= Henry Atkins (physician) =

English physician (1558–1635)

Henry Atkins (1558–1635) was an English physician.

==Life==
Atkins was the son of Richard Atkins of Great Berkhamsted, Hertfordshire. Matriculating at Trinity College, Oxford, in 1574, he graduated there and afterwards proceeded M.D. at Nantes. In 1588, he became fellow of the College of Physicians of London, and in 1606 president. He was re-elected in 1607, 1608, 1616, 1617, 1624, and 1625.

In 1597 Atkins sailed as physician to Robert Devereux, 2nd Earl of Essex in the Islands Voyage, but was sea-sick, had to be put on shore, and resigned the appointment. His replacement was Thomas Moundeford.

In 1604 Atkins was sent by James I to Scotland to bring back his son Charles, Duke of York. Atkins was given £100 in advance for his expenses. Prince Charles stayed at Dunfermline Palace for a year in the care of Alexander Seton, 1st Earl of Dunfermline after his mother Anne of Denmark had gone to England. Atkins wrote to her from Dunfermline in July 1604 saying the Prince, who was slow to learn to walk, could now walk the length of the "great chamber" or "longest chamber" several times daily without the use of a stick.

Atkins and Prince Charles began their journey south to London in July 1603. They were met at Berwick-upon-Tweed on 21 July by Arthur Gray, brother of Ralph Gray of Chillingham. They stopped at Fountains Hall, the house of Stephen Proctor. They stayed at Worksop Manor in August 1604, Atkins described four days of music, and young Duke of York's initiation into hunting, when deer were driven close to the house.

In 1611 the king is said to have offered Atkins the first baronet's patent. In 1612 Atkins was called into consultation during the last illness of Henry, Prince of Wales, and his opinion was that the disease was a putrid fever "without malignity, except that attending putridity". He suggested bleeding. His signature, as one of the king's physicians, stands next to that of Theodore Mayerne in the original report of the post-mortem examination.

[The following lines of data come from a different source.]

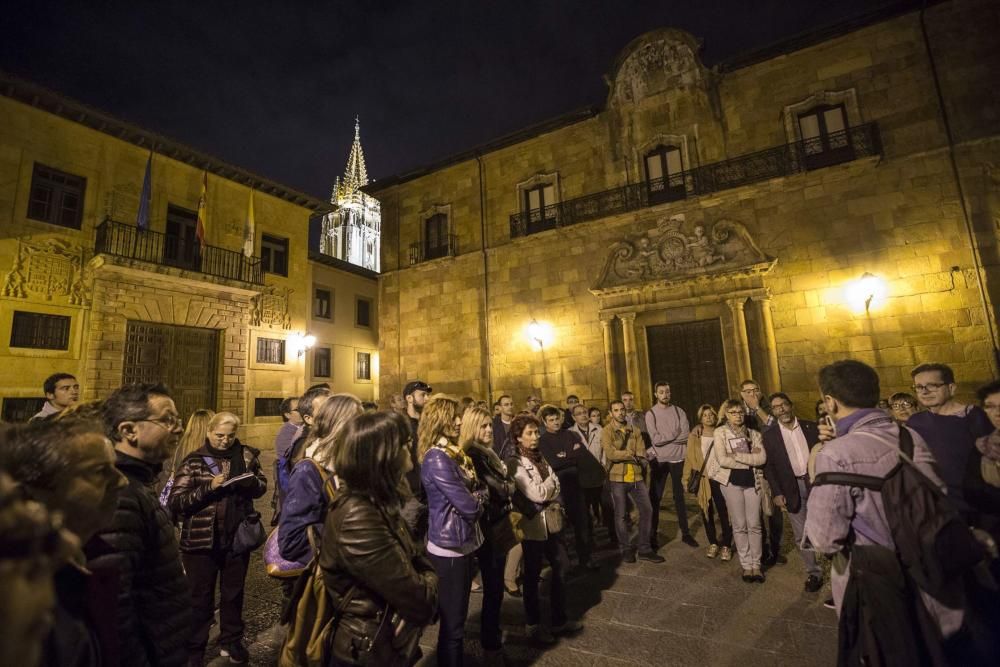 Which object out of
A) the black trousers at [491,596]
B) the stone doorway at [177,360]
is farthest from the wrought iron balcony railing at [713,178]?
the black trousers at [491,596]

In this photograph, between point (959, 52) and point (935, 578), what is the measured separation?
13929mm

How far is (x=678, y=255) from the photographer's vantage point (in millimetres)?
12211

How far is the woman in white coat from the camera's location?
11.8ft

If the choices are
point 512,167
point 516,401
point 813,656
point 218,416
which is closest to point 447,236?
point 512,167

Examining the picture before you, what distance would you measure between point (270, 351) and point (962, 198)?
→ 19740mm

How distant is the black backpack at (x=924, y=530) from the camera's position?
6.26 feet

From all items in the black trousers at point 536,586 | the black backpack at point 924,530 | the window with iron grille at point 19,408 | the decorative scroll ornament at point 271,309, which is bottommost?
Answer: the black trousers at point 536,586

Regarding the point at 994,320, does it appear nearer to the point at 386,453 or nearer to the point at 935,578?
the point at 935,578

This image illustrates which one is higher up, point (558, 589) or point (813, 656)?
point (558, 589)

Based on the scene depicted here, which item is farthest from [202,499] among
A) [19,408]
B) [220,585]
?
[19,408]

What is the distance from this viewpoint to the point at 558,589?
3641 mm

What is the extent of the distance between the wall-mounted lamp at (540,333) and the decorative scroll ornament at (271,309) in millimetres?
9416

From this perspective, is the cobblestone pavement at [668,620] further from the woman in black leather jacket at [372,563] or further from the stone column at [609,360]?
the stone column at [609,360]

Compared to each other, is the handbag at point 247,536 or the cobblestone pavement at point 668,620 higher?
the handbag at point 247,536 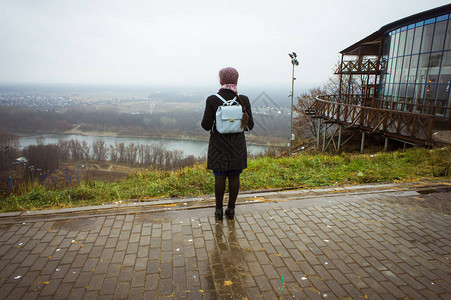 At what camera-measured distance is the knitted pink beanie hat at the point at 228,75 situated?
345 cm

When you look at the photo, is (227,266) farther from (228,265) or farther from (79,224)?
(79,224)

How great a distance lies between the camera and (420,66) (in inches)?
583

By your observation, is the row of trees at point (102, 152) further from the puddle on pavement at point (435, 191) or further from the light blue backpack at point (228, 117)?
the light blue backpack at point (228, 117)

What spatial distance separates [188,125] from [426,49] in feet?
272

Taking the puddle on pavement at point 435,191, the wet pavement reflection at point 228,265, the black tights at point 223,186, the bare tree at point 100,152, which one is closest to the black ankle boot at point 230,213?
the black tights at point 223,186

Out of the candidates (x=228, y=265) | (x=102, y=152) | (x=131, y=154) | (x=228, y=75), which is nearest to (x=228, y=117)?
(x=228, y=75)

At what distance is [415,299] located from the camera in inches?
92.1

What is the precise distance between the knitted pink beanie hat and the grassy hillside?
2215mm

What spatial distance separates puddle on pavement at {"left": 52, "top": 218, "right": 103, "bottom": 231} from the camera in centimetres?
359

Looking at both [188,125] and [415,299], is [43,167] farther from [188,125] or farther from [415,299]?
[415,299]

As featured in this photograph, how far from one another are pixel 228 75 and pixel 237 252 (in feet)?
6.91

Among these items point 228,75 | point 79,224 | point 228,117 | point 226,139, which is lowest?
point 79,224

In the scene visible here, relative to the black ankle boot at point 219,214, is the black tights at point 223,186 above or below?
above

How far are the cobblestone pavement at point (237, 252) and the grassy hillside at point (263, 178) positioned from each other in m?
0.68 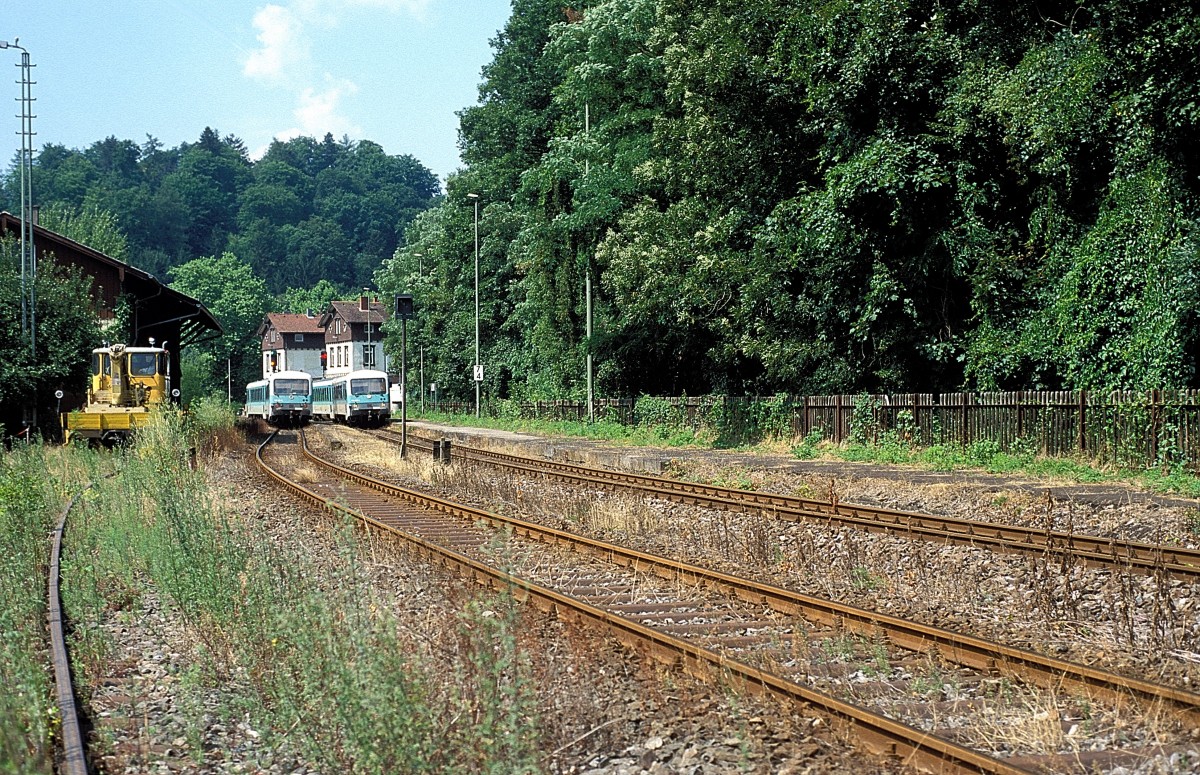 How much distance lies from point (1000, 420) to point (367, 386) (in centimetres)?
3908

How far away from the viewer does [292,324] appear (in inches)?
5448

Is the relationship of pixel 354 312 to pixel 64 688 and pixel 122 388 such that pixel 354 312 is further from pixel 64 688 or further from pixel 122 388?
Answer: pixel 64 688

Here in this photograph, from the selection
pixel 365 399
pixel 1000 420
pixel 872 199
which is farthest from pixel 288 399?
pixel 1000 420

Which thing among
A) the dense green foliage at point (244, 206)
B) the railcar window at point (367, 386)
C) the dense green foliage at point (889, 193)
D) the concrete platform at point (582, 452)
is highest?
the dense green foliage at point (244, 206)

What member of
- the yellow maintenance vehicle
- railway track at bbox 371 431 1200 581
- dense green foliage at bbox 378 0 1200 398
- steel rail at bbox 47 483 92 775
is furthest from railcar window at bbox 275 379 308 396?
steel rail at bbox 47 483 92 775

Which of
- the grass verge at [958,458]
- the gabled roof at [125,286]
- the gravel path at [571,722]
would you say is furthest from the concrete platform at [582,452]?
the gravel path at [571,722]

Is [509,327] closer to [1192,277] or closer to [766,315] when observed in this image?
[766,315]

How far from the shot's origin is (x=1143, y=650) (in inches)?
293

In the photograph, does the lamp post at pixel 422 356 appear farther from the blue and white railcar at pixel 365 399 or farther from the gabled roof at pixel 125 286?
the gabled roof at pixel 125 286

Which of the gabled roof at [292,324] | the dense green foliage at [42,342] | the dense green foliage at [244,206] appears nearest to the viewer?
the dense green foliage at [42,342]

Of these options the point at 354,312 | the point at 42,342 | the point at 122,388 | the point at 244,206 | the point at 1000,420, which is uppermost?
the point at 244,206

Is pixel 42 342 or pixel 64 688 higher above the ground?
pixel 42 342

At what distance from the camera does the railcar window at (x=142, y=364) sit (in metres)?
33.3

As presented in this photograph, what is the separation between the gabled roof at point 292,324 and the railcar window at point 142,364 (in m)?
106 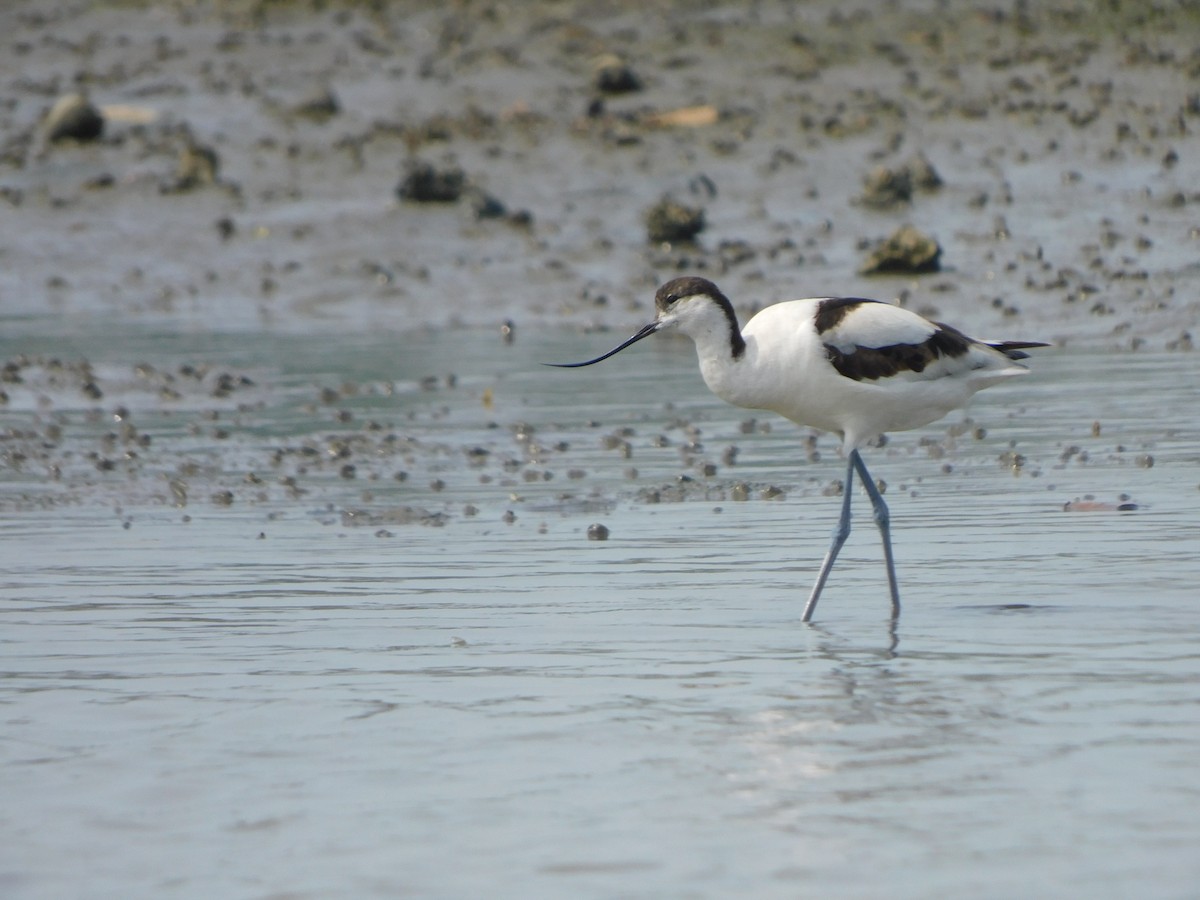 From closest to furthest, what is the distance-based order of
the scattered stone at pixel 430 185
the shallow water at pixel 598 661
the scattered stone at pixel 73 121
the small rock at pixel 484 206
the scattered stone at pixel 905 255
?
the shallow water at pixel 598 661 → the scattered stone at pixel 905 255 → the small rock at pixel 484 206 → the scattered stone at pixel 430 185 → the scattered stone at pixel 73 121

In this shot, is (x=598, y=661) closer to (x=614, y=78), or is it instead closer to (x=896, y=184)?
(x=896, y=184)

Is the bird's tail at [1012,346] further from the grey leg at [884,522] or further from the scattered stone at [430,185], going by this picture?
the scattered stone at [430,185]

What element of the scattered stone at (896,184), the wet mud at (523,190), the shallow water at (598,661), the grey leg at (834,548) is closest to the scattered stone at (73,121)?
the wet mud at (523,190)

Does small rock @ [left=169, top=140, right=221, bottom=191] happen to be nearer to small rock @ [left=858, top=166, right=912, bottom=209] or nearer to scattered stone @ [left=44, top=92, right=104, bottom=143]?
scattered stone @ [left=44, top=92, right=104, bottom=143]

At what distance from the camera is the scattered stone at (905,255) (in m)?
12.9

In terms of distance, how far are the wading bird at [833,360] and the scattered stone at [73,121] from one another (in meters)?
11.9

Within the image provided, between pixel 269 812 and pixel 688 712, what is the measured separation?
1152 mm

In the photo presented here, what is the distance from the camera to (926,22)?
737 inches

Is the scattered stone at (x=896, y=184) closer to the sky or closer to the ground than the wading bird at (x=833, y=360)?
closer to the sky

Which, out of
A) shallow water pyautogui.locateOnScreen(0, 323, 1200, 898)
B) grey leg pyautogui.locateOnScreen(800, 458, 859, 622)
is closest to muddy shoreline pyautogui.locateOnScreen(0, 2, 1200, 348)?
shallow water pyautogui.locateOnScreen(0, 323, 1200, 898)

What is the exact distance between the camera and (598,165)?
52.9 feet

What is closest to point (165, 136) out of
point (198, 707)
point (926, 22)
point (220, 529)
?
point (926, 22)

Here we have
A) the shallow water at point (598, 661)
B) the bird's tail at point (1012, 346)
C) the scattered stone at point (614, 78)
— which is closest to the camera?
the shallow water at point (598, 661)

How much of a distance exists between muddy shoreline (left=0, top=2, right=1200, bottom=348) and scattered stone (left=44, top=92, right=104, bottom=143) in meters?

Atkins also attended the deathbed of the Earl of Salisbury in May 1612. He attended Anne of Denmark with Theodore de Mayerne at Hampton Court in October 1618.

Of significance to the medical professions was the division of the Grocers' Company allowing the formation of the chartered Apothecaries' Company from 1617. Resistance to the proposals of Atkins for the split had come from Sir William Paddy. In 1618, under the active presidency of Atkins, the College of Physicians issued the first London Pharmacopeia.

Atkins married Mary Pigot of Dodershall, Buckinghamshire. He lived in Warwick Court, enjoyed a large practice, and died rich on 21 September 1635. He left an only child, afterwards Sir Henry Atkins, and was buried in Cheshunt church, where a monument was placed. He was a benefactor of the College of Physicians.

In 1621 Alice Fortescue, widow of John Fortescue of Salden sold Tickford Priory in Newport Pagnell to Atkins for £4,500.